夜が名乗ると、青い目が不思議そうに見開かれた。
「夜さんというのね。ああ、でも通称っていうの?」
「そう、そう呼んでもらっているうちにその名前になったっていうか」
「そうなんだ。面白いね」
「そうかしら」
夜は面白いと言われたのは初めてだった。
「私はモリーでいいよ。みんなそう呼ぶの。夜さん、夜でいい?」
「ええ、あの、いいわ」
モリーの物怖じしない様子に、夜は少し怯んでしまった。そんな夜の様子すらモリーは気にしない。
「で、あの預けたのなんだけど」
「あ、はい。

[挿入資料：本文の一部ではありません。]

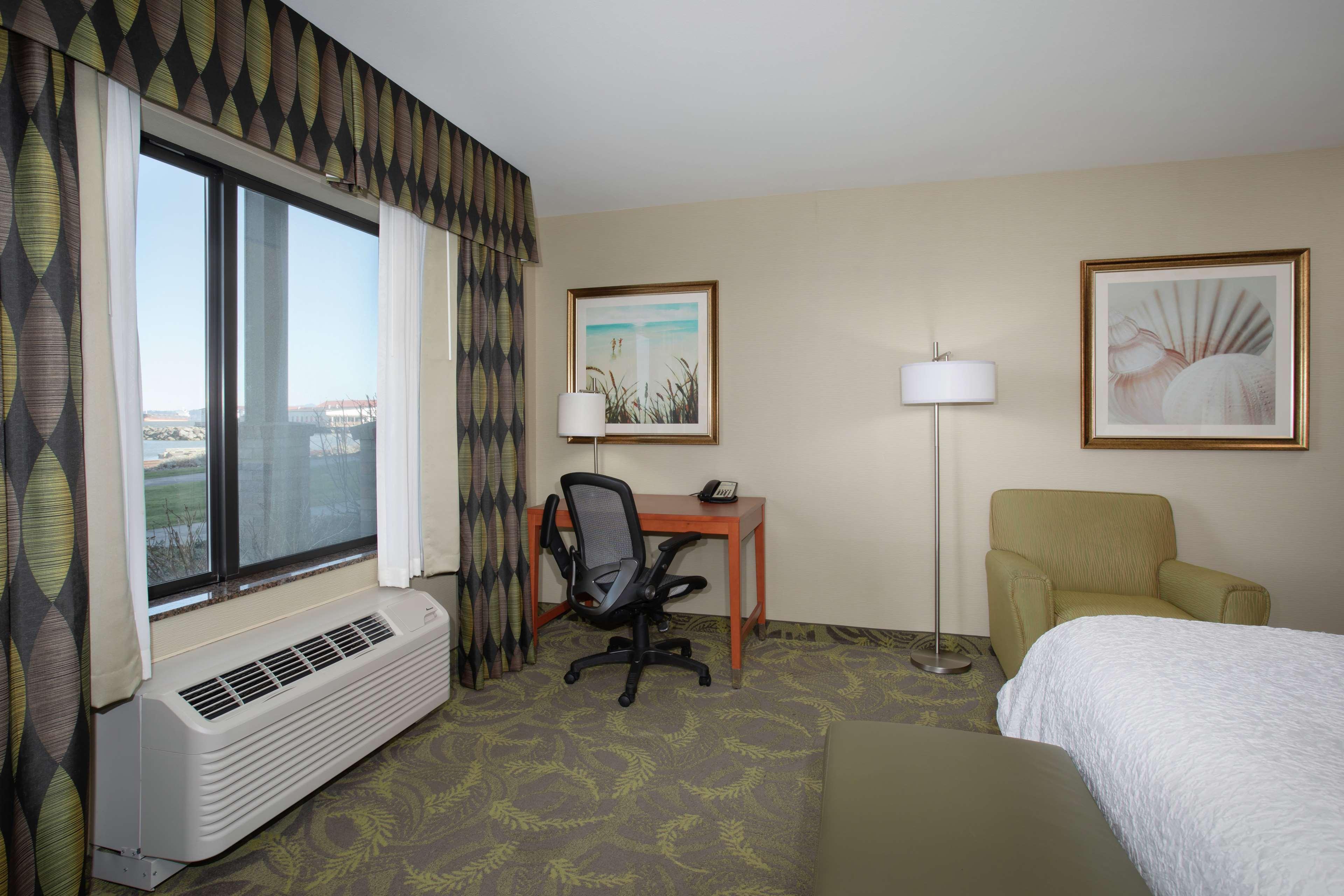 Hampton Inn & Suites Astoria Luaran gambar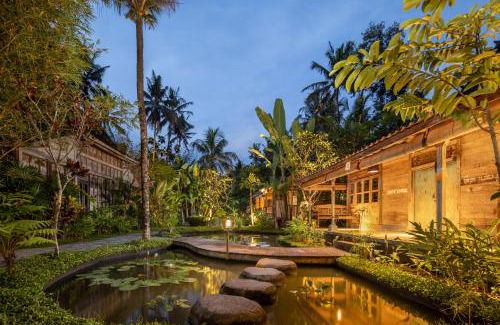 Melayang Hotel | Korurua Dijiwa Ubud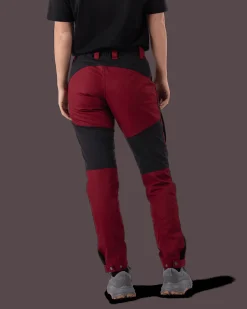 Rosse Outdoor Pant W Cabernet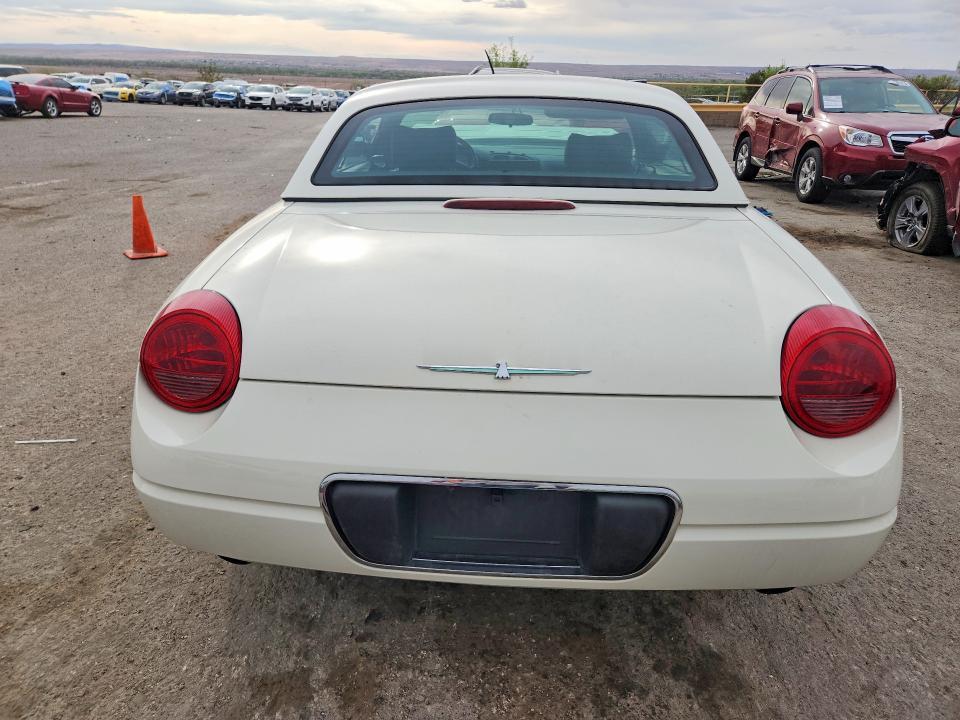2003 Ford Thunderbird
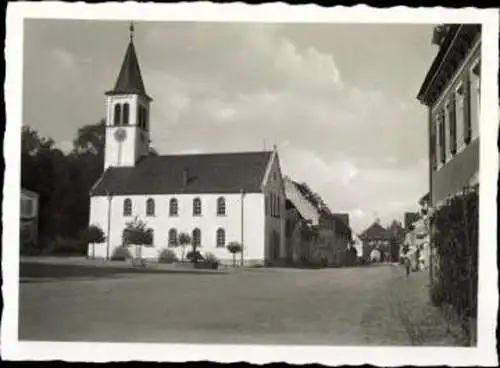 12 alte Fotos Sulzburg im Schwarzwald, im passenden Heft, diverse Ansichten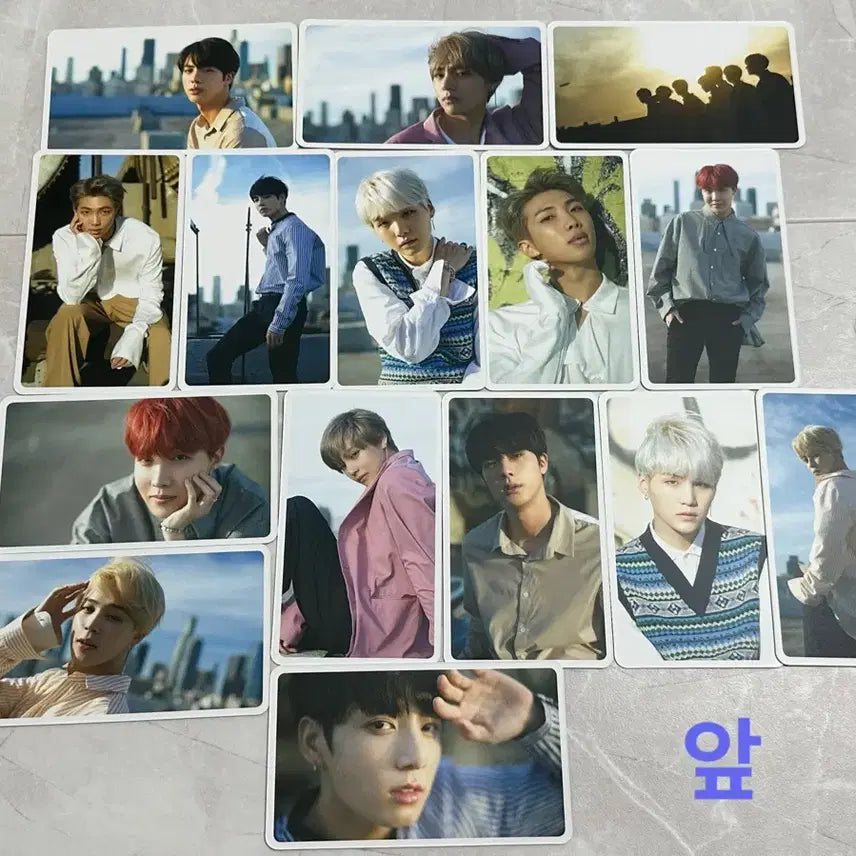 [BUNJANG] BTS Dispatch Icon Photo Book 2018 / 방탄소년단 BTS 디스패치 아이콘 화보책+포토엽서+포토카드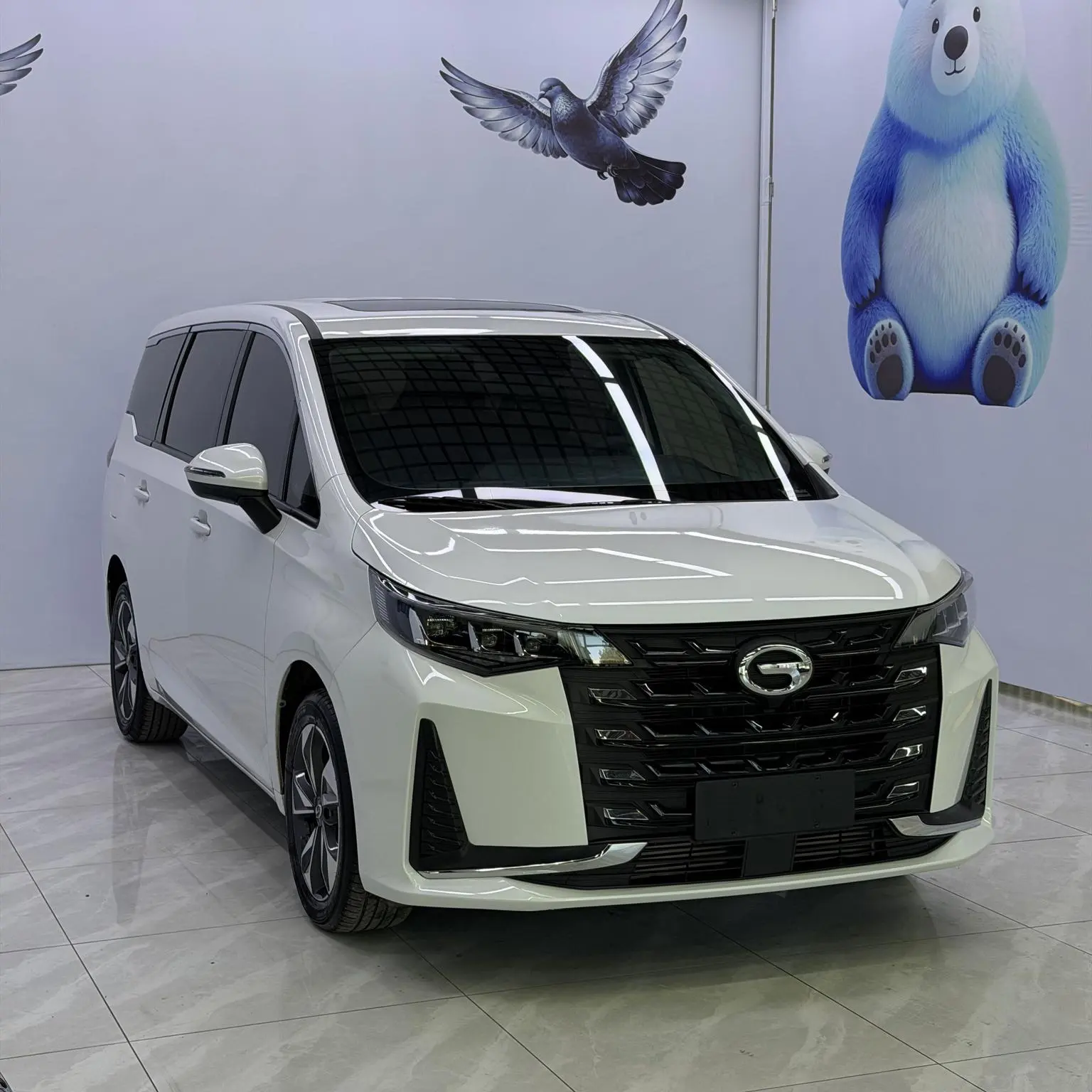 GAC Trumpchi Trumpchi M6 2021 Pro 270T Auto Luxury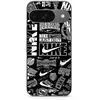 Coque Google Pixel 9 Nike air logo Download Nike Graffiti Noir et blan...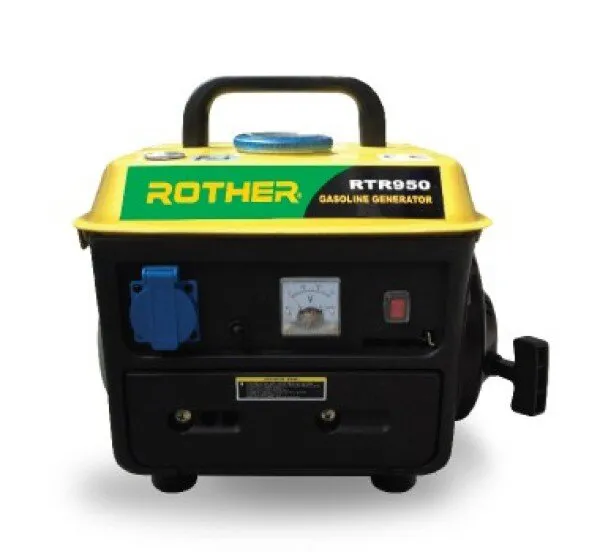 Rother RTR950 Benzinli Jeneratör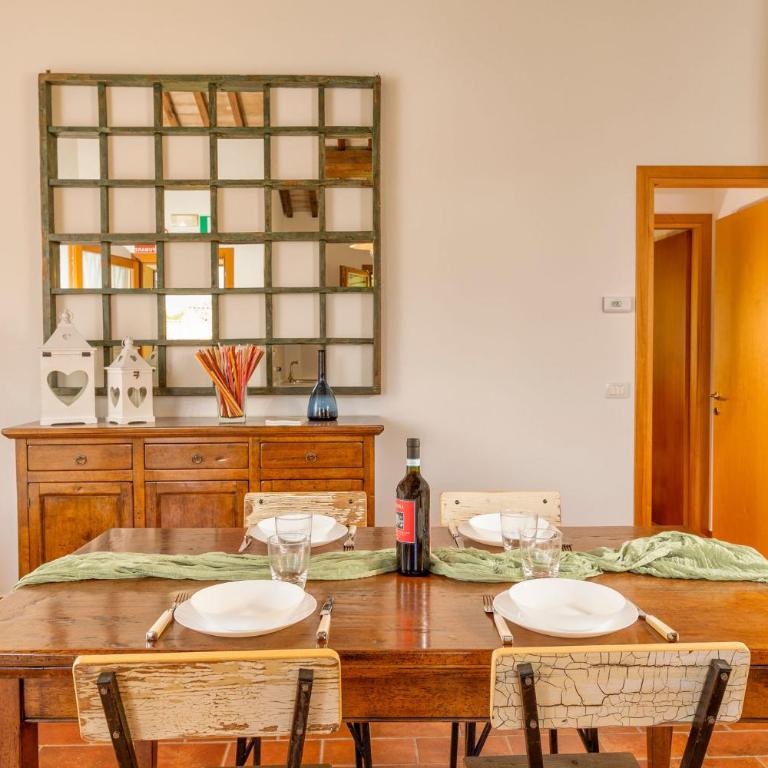 Amazing apartment with swimming pool, Montepulciano Toscana - Appartamento con 1 Camera da Letto - 10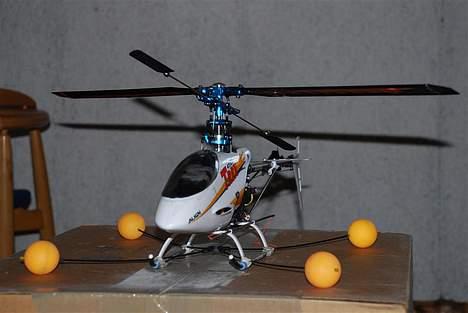Helikopter Align T-REX 450s billede 1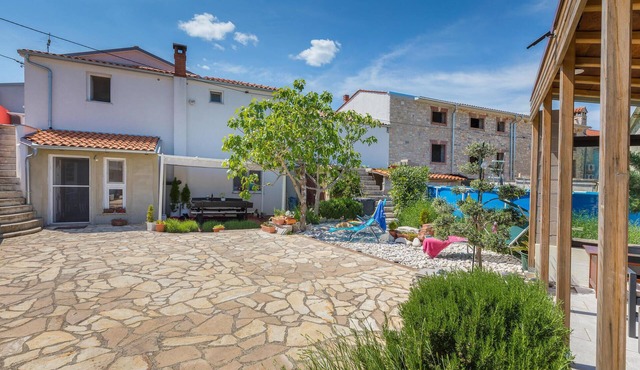 2 bedroom beautiful apartment in Vodnjan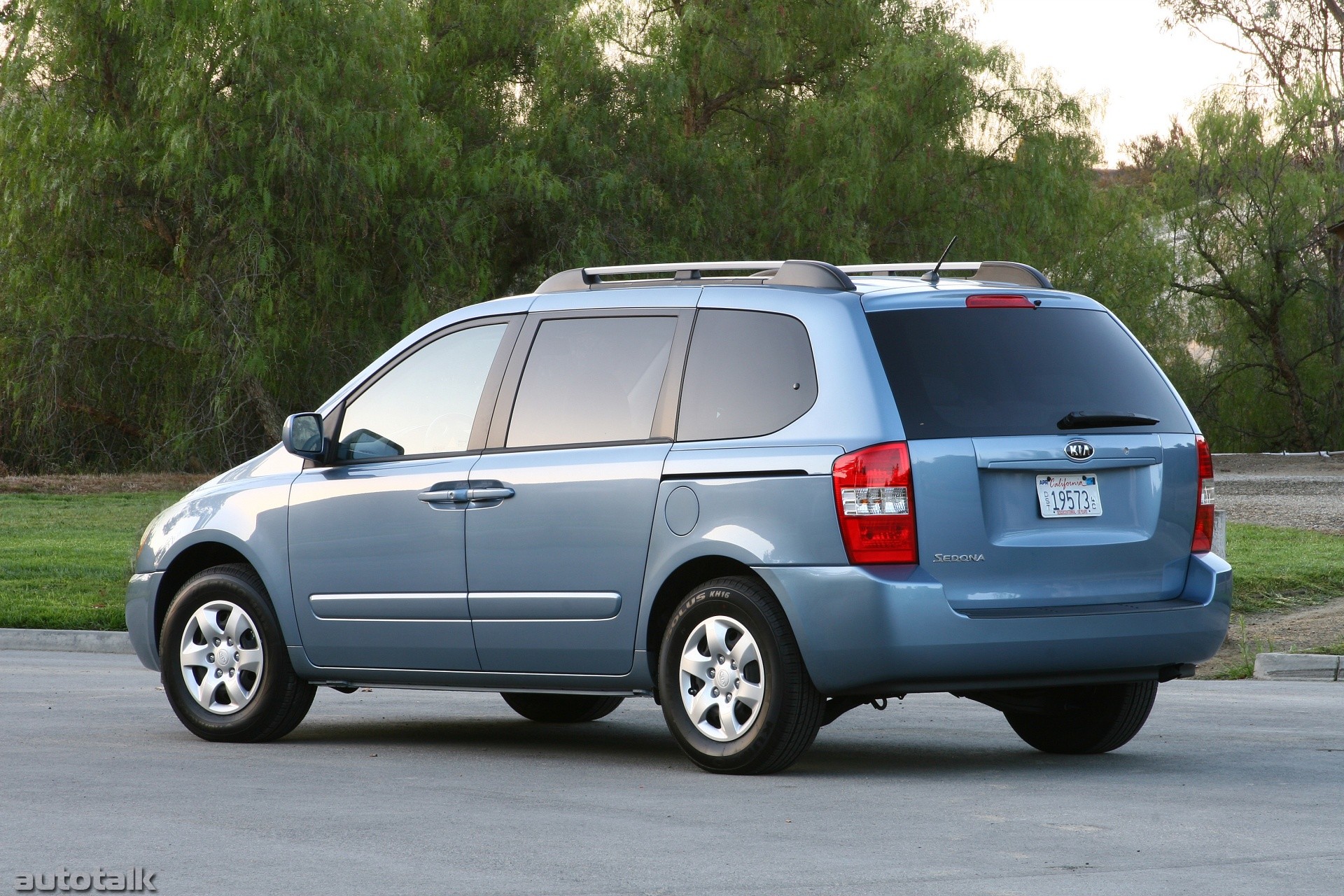 2008 Kia Sedona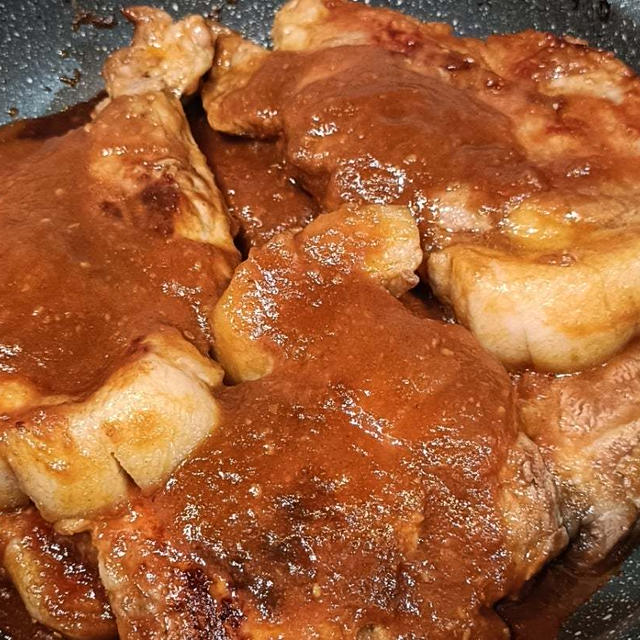 次女の誕生日メニューはお肉祭りでした(^○^)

どうぞ」
「ありがとう。夜は信頼できると思った私、勘がいいよねぇ」
そう言われたところでなんと返していいかわからず、やっぱり怯んでしまう。夜は返事をしないまま、モリーの手のひらに預かっていた小さな皮袋を乗せた。
「見た?」
「え?」
「ああ、ごめん、ごめん。っていうかさ、普通だったらなに預かったかって確かめるでしょ。それに別に見たって構わないんだ。戻ってくればいいんだから」
「なら」
「持っていて取られるのはまた別でしょ。戻ってくるとは限らないから」
言いながらするっと皮袋の口紐をほどき、中身を出して「ほら」と夜に見せた。
ポンポンと話すテンポがよくて、夜は引きずられるように手のひらを覗きこむ。
小柄な背丈のわりに大きめの手のひらの上には、小さな動いていない懐中時計があった。